Jak ocenić stan opon zimowych?
Trwałość opon wyczerpuje się zwykle po kilku sezonach. Warto trzymać rękę na pulsie, gdyż poruszanie się na zużytym ogumieniu może nas sporo kosztować – nie mamy na myśli kwot pieniężnych.
Mierzymy bieżnik
Opony to jedyne elementy, dzięki którym nasze auto ma styczność z podłożem. To od nich zależy, czy w ogóle będziemy mieć możliwość kontroli ruchu samochodu. Z tego powodu, właśnie dla bezpieczeństwa swojego i innych warto wiedzieć, w jakim stanie są nasze opony. Na szczęście sposób na sprawdzenie przydatności ogumienia jest dosyć prosty. Wystarczy nam zwykła zapałka, którą wkładamy w bieżnik. Następnie długopisem zaznaczamy na niej głębokość bieżnika. Na końcu linijką mierzymy odcinek, który zaznaczyliśmy przed chwilą.
1,6 mm wystarczy?
Polskie przepisy mówią, że minimalna głębokość bieżnika wynosi 1,6 mm. Z reguły nasze opony wyposażone są we wskaźnik zużycia lub sygnaturę TWI (ang. Tread Wear Index). Wskaźnik zużycia to nic innego jak zgrubienia w rowkach na środku bieżnika. Napisu TWI szukać powinniśmy na boku opony. Wszystkie te pomoce wskazują moment, w którym opona osiągnęła wspomniane 1,6 mm. Choć graniczne 1,6 mm zostało zaakceptowane przez krajowe prawo, niekiedy słyszeć dają się głosy, jakoby ta głębokości bieżnika była zbyt mała, by w newralgicznej sytuacji opona pomogła nam utrzymać się na drodze.

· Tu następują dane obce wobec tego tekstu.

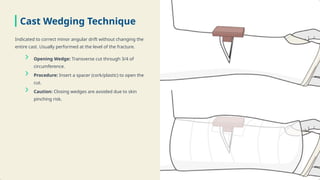 Comprehensive Guide to Long Leg Cast Management for Tibial Fractures | PPTX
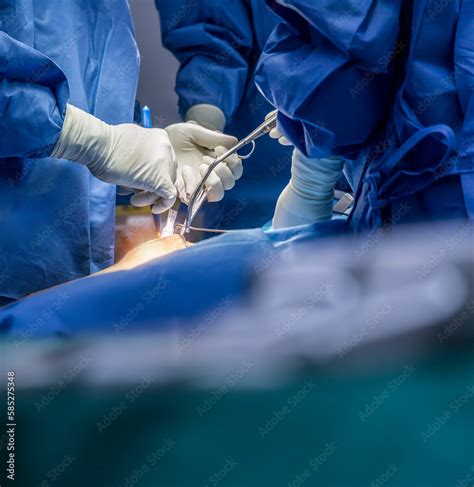 A Surgeon Or Doctor With Nurse Team In Blue Uniform Did Surgery Inside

Zimówki potraktujmy surowiej
W przypadku opon zimowych, jeśli bieżnik ma głębokość 4 mm lub mniejszą, warto pomyśleć o wymianie ogumienia. Zimą łatwo o poślizg, więc niezależnie od tego, czy nasz samochód wyposażony jest w system ABS, opony z tak płytkim bieżnikiem mogą nie zdać egzaminu, kiedy przyjdzie nam stawić czoła trudnej sytuacji drogowej. Fakt, że opony zimowe zapewniają nam trakcję i dobre prowadzenie na śniegu oraz lodzie, zawdzięczamy trzem czynnikom: odpowiedniemu ukształtowaniu bieżnika, elastycznemu składowi mieszanki oraz właściwej głębokości bieżnika. W warunkach zimowych większa głębokość bieżnika pomaga samochodowi utrzymać się w torze jazdy. Dziej się tak dlatego, iż w trakcie ruchu opony muszą zarazem ugniatać śnieg w rowkach i usuwać go (czyli oczyszczać bieżnik). Zbyt płytki bieżnik sprawia, że przylepione do opony kawałki śniegu skutecznie obniżą trakcję. Pocieszający jest fakt, ze wyjściowa głębokość bieżnika „zimówki” jest zwykle większa niż w przypadku opony letniej czy wielosezonowej.
Nie tylko bieżnik
Gwarancja bezpieczeństwa nie bierze się tylko ze stopnia wytarcia bieżnika. Zaniepokoić powinny nas wszelkie wybrzuszenia, spękania, pęcherze czy rozwarstwienia. Każde pęknięcie na ścianie bocznej bieżnika jest wystarczającym argumentem, by z taką oponą się pożegnać. Warto wspomnieć jedynie pozornie oczywistą prawdę: opony zimowe służą do jazdy zimą. Większość kierowców pamięta o tym, jednak nierzadko nawet ciepłą porą udaje się wypatrzeć samochody wciąż poruszające się na „zimówkach”. Postępując w ten sposób, skazujemy swoje opony na szybszą degradację. To samo dotyczy zresztą jeżdżenia zimą na oponach letnich.